3.2 Absorption Time — 吸收時間

In an absorbing Markov chain, the expected absorption time y_i for a transient node i represents the expected number of steps a random walker starting at node i takes before being absorbed by any boundary node. This can be computed from the fundamental matrix N = (I - Q)^{-1}, where Q is the sub-matrix of the transition matrix corresponding to transient nodes. The absorption time is y = N * 1 (the row sums of N). Intuitively, salient regions that differ from the background will have longer absorption times because the random walker must traverse through dissimilar regions to reach the boundary. Conversely, background regions similar to the boundary have short absorption times. To address the false positive problem for homogeneous regions far from boundaries, we compute the equilibrium distribution of an ergodic version of the chain (by removing absorbing states) and use it to normalize the absorption times, suppressing large central background regions.

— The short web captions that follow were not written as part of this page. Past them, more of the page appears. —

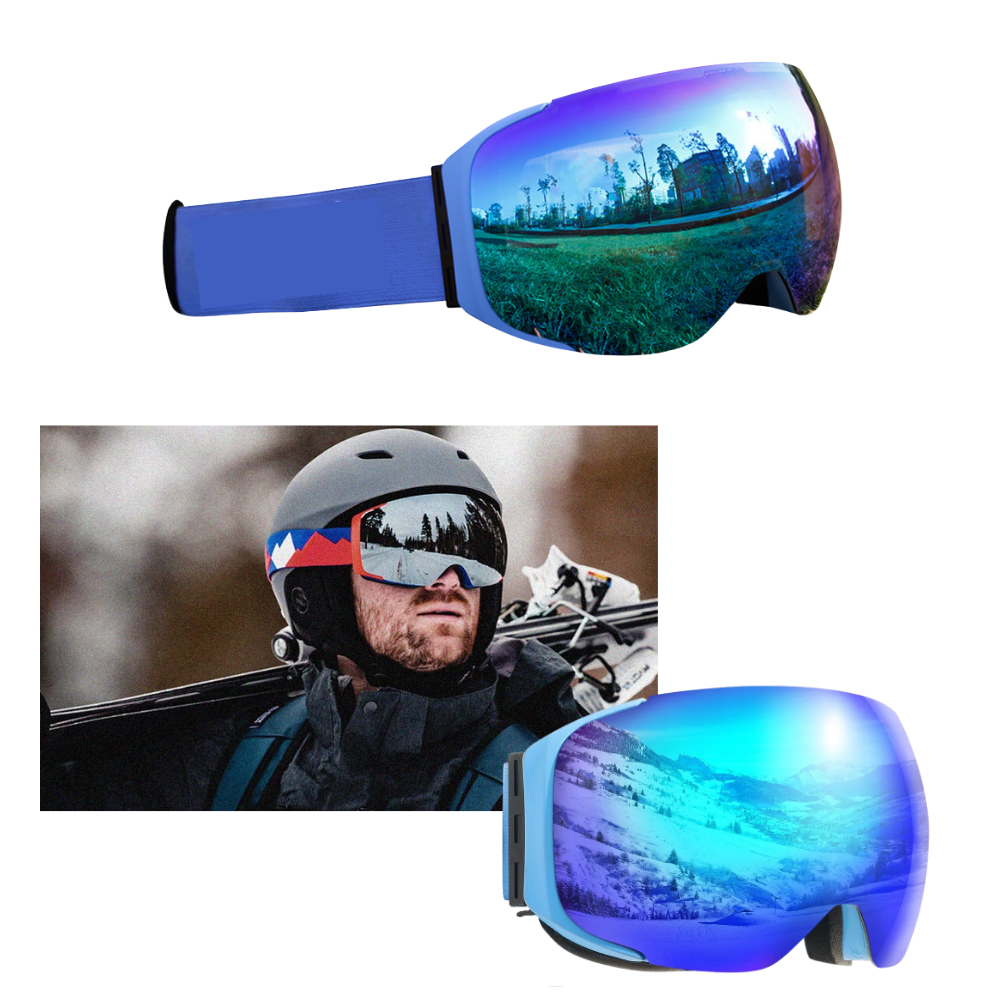 Óculos de proteção para neve Outdoormaster com armação ajustável e pacote de lentes para atividades de inverno.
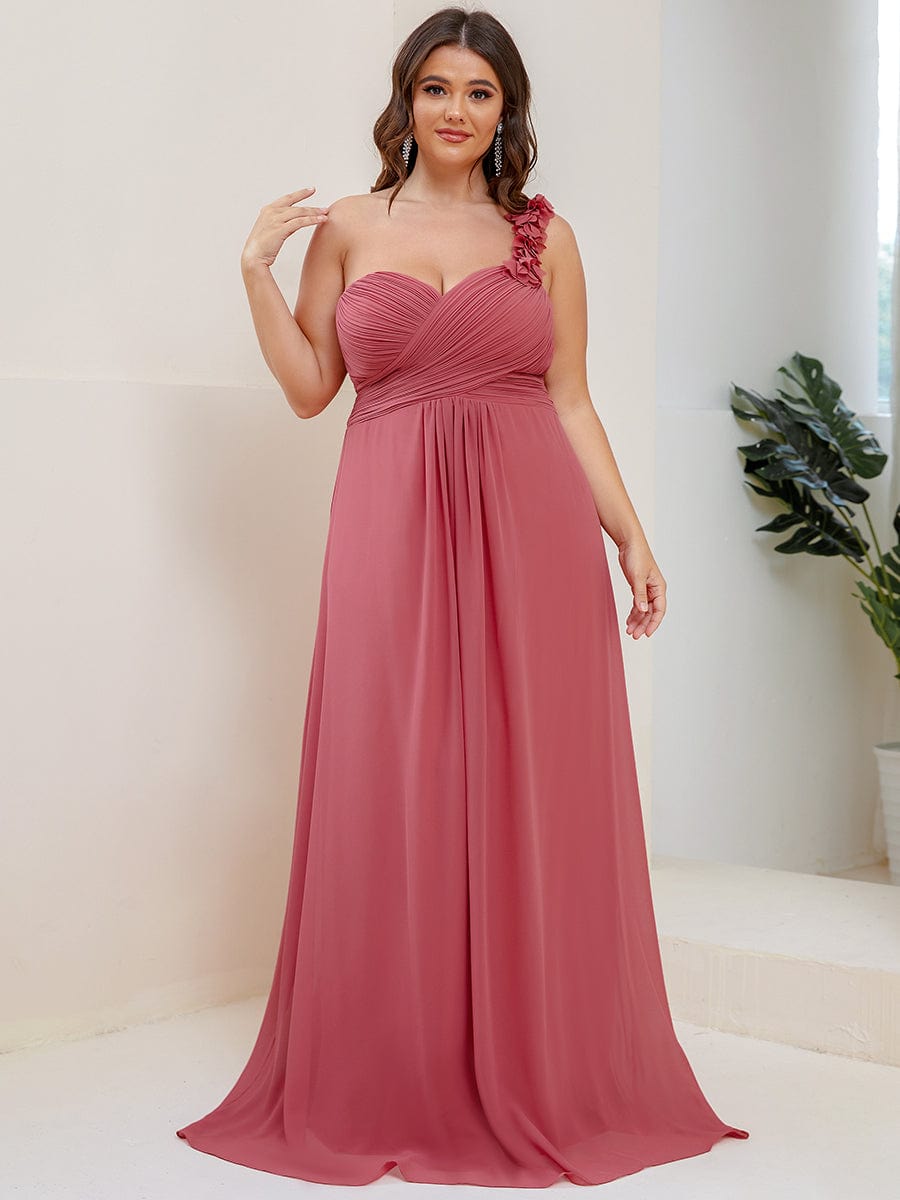 Chiffon One Shoulder Long Bridesmaid Dresses #color_Cameo Brown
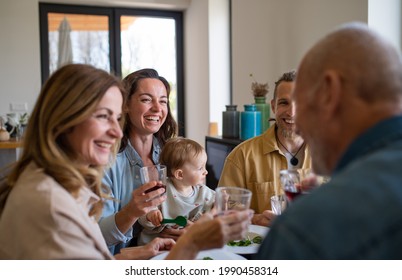 Happy Multigeneration Family Indoors At Home Eating Healthy Lunch, Having Good Time.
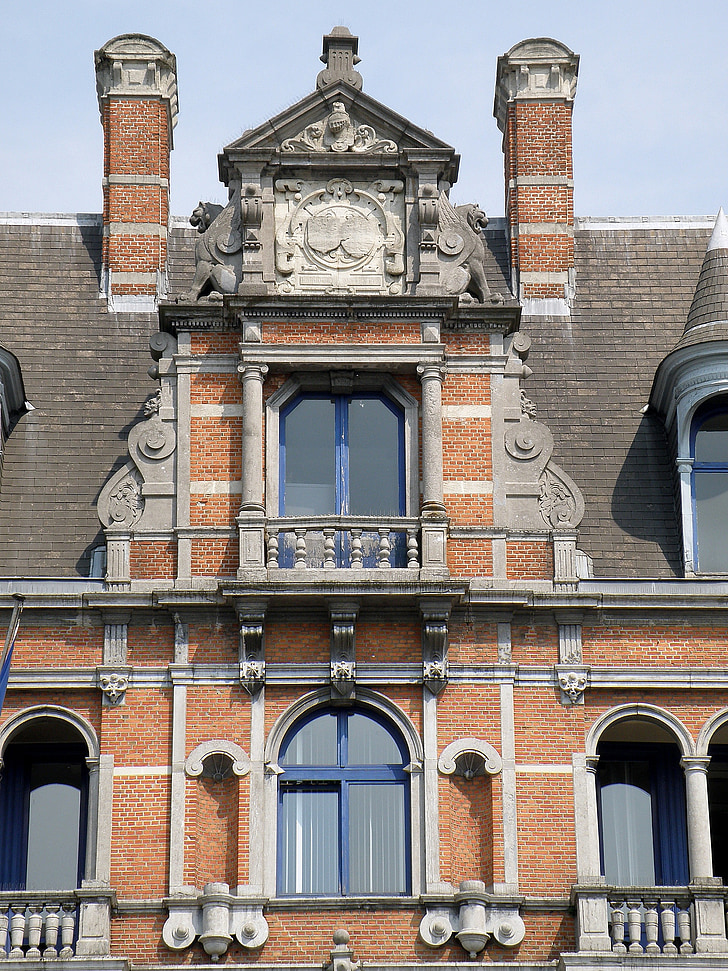Antwerpen, Belgien, hus, balkong, arkitektur, gamla, historiska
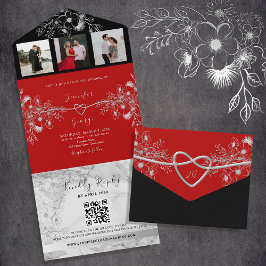 Moderne Schwarz-Rot-QR-Hochzeit All In One Einladung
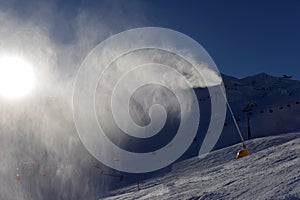 Snow cannon making snow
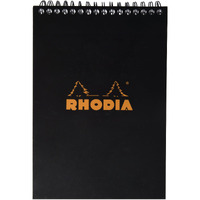 Rhodia Wirebound Notepad - Lined 80 Sheets - 6 X 8 1/4 - Black Cover - Pack Of 1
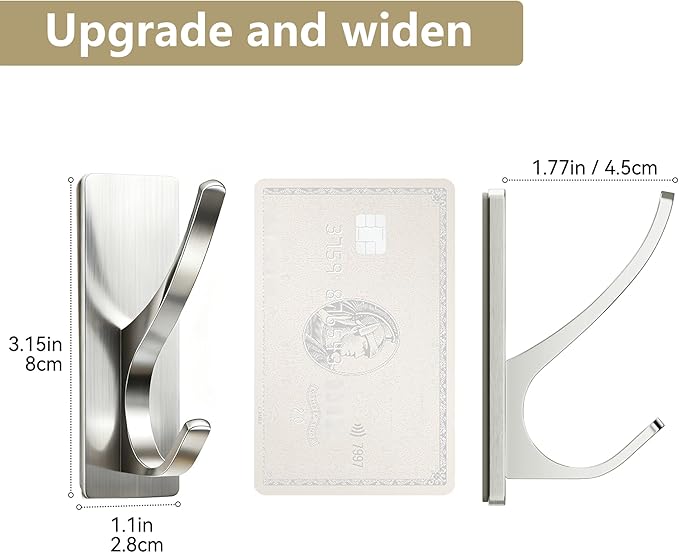 pickpiff Brushed Nickel Self Adhesive Coat Hooks for Hanging: 13LB Extra Strong Stainless Wall Hook for Towel, Utensil, Backpack, Hat, Sturdy Metal Hanger for Bathroom, Kitchen, Door, 10 Pack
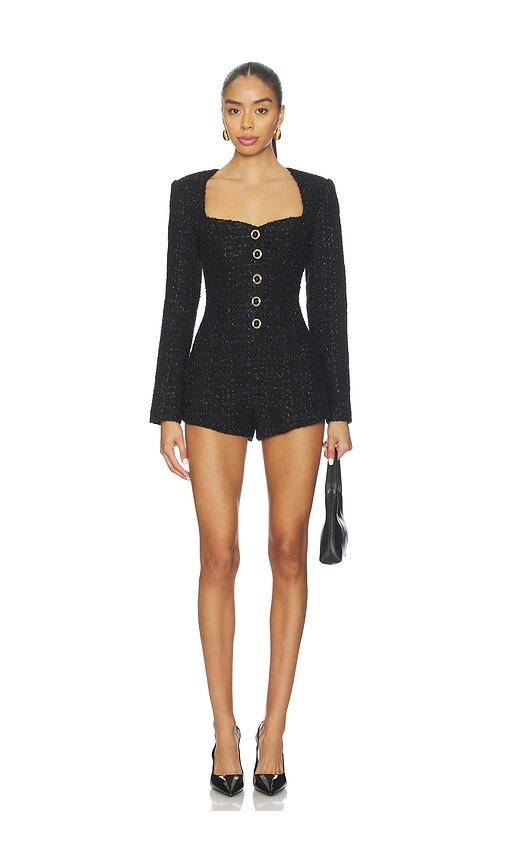 majorelle selene tweed romper in black. - size l (also in xs, s, m, xl)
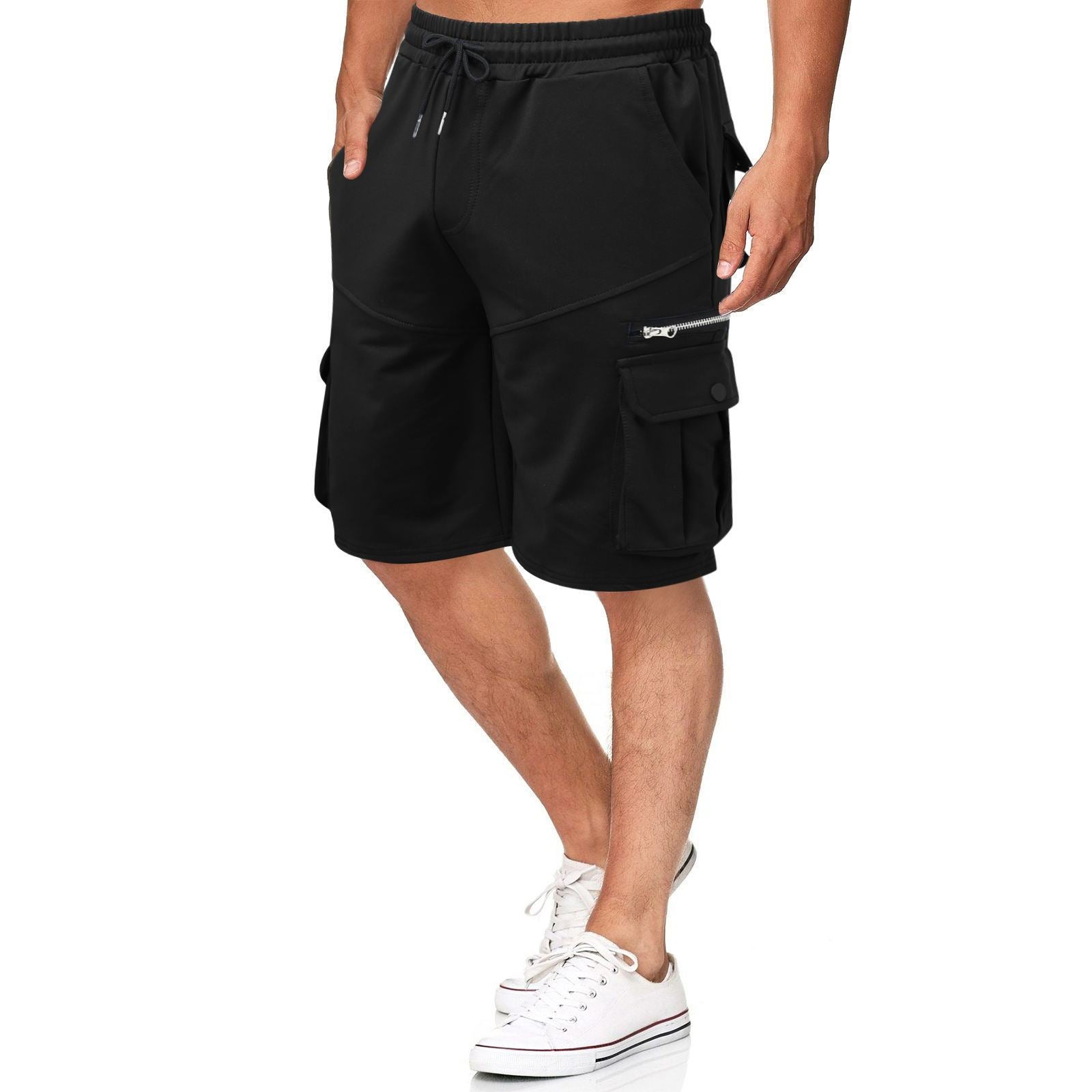 Summer Men's Double Pocket Zipper Casual Workwear Fitness Sports Shorts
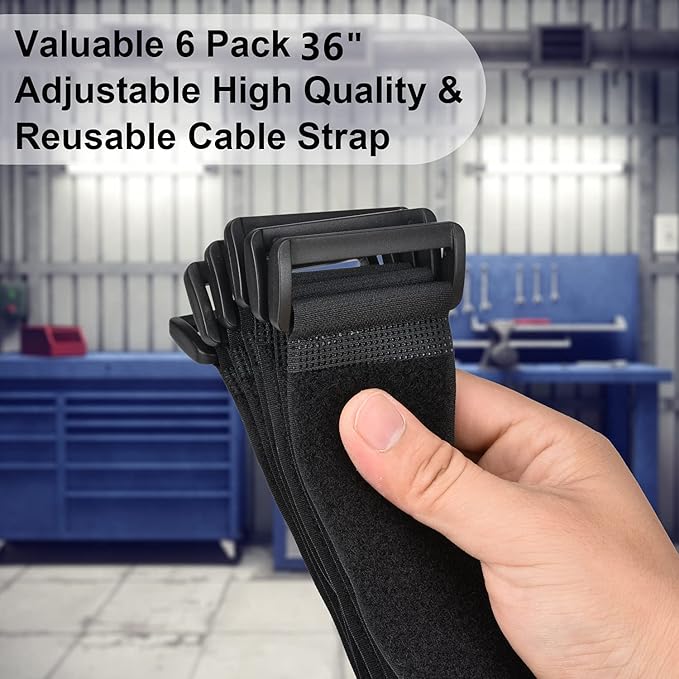 2 x 36 Inch Hook and Loop Cable Tie, 6 Pack Heavy Duty Adjustable Fastening - Image 2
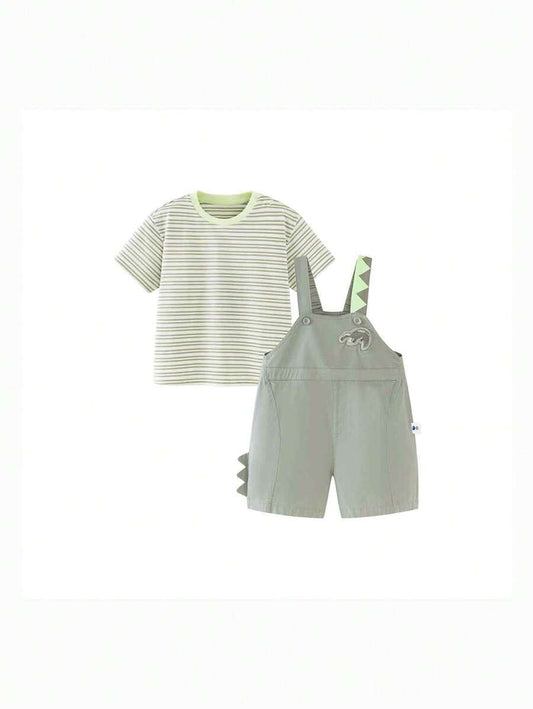 Young Boy Summer New Soft Elastic T-Shirt Shorts Set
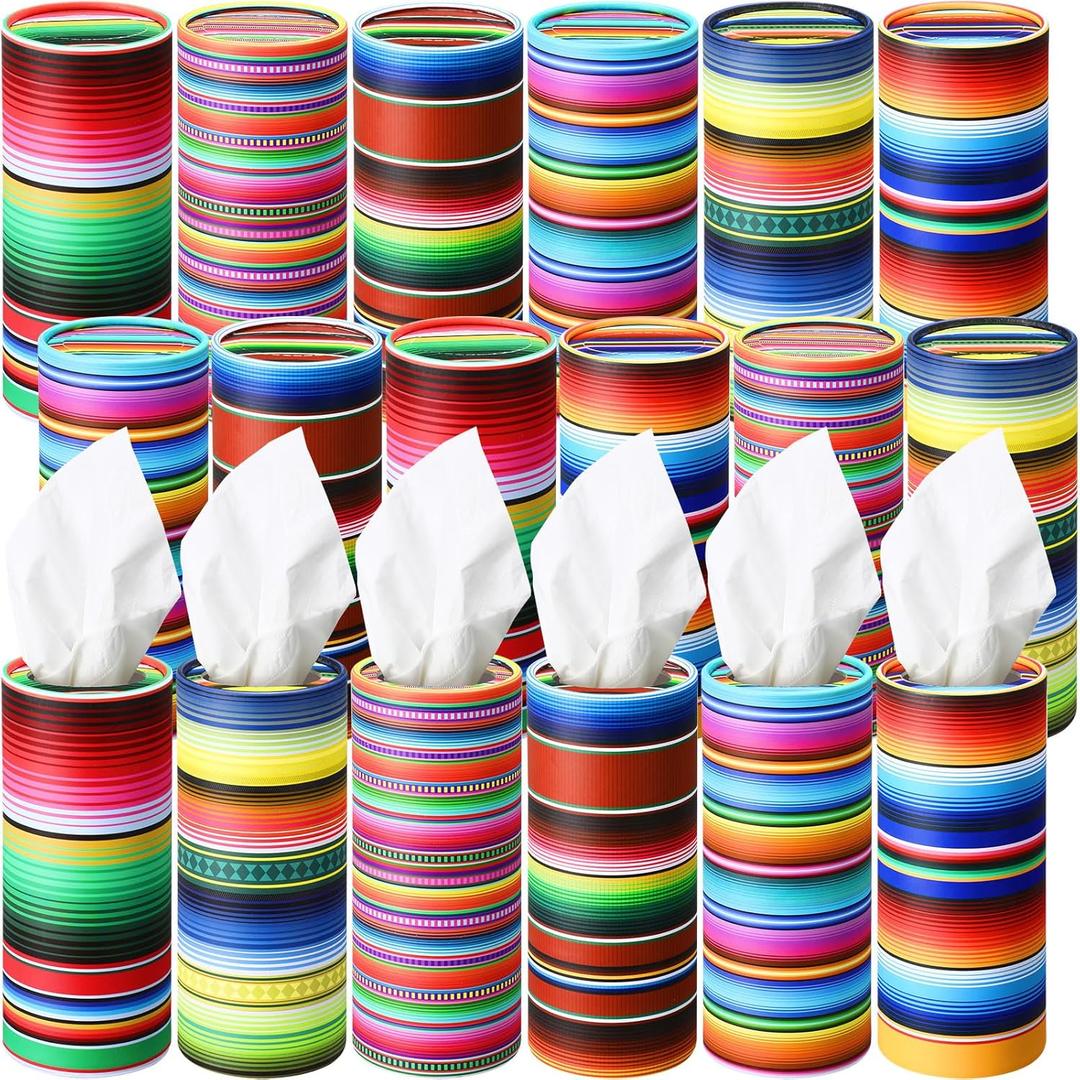 18 Pack Mexican Tissue Box Cover Bulk Colorful Stripes Car Tissue Holder Round Travel Tissues Boxes Taco Tuesday Decorations for Car Cup Holder Bathroom Living Room(Mexican)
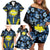 Personalised Palau Family Matching Off Shoulder Short Dress and Hawaiian Shirt Polynesian Dolphin Tropical Hibiscus Style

在吸收馬可夫鏈中，暫態節點 i 的期望吸收時間 y_i 代表從節點 i 出發的隨機漫步者在被任何邊界節點吸收前所需的期望步數。此可從基本矩陣 N = (I - Q)^{-1} 計算，其中 Q 為轉移矩陣中對應暫態節點的子矩陣。吸收時間為 y = N * 1（N 的列和）。直覺上，與背景不同的顯著區域將具有較長的吸收時間，因為隨機漫步者必須穿越不相似的區域才能到達邊界。反之，與邊界相似的背景區域具有較短的吸收時間。為解決遠離邊界的均質區域所產生的誤正例問題，我們計算鏈的遍歷版本（移除吸收狀態後）的均衡分布，並用其正規化吸收時間，抑制大面積的中央背景區域。

段落功能核心演算法——推導吸收時間的計算與修正機制。

邏輯角色此段是全文論證的支柱：基本矩陣的逆運算提供了嚴格的數學解，均衡分布的修正則回應了邊界先驗的已知弱點。兩者構成了「基礎方法 + 修正機制」的完整架構。

論證技巧 / 潛在漏洞「直覺上」的解釋使抽象的數學概念變得可理解。但 (I - Q)^{-1} 的計算在超像素數量較多時可能成為瓶頸（O(n^3) 複雜度）。均衡分布修正是對邊界先驗弱點的補救，但兩個機制的權重如何平衡需要實驗調校。

4. Experiments — 實驗

We evaluate the proposed method on four benchmark datasets: MSRA-B (5000 images), ECSSD (1000 images), DUT-OMRON (5168 images), and PASCAL-S (850 images). We compare against fourteen state-of-the-art methods using standard metrics including Precision-Recall curves, F-measure, and Mean Absolute Error (MAE). Our method consistently achieves top-tier performance across all datasets. On MSRA-B, we achieve the highest F-measure of 0.903, outperforming geodesic saliency (0.871) and manifold ranking (0.889). On the more challenging DUT-OMRON dataset, our method shows particularly strong improvements, demonstrating robustness to complex backgrounds. Ablation experiments confirm that both the absorbing Markov chain formulation and the equilibrium distribution refinement contribute positively to the final performance.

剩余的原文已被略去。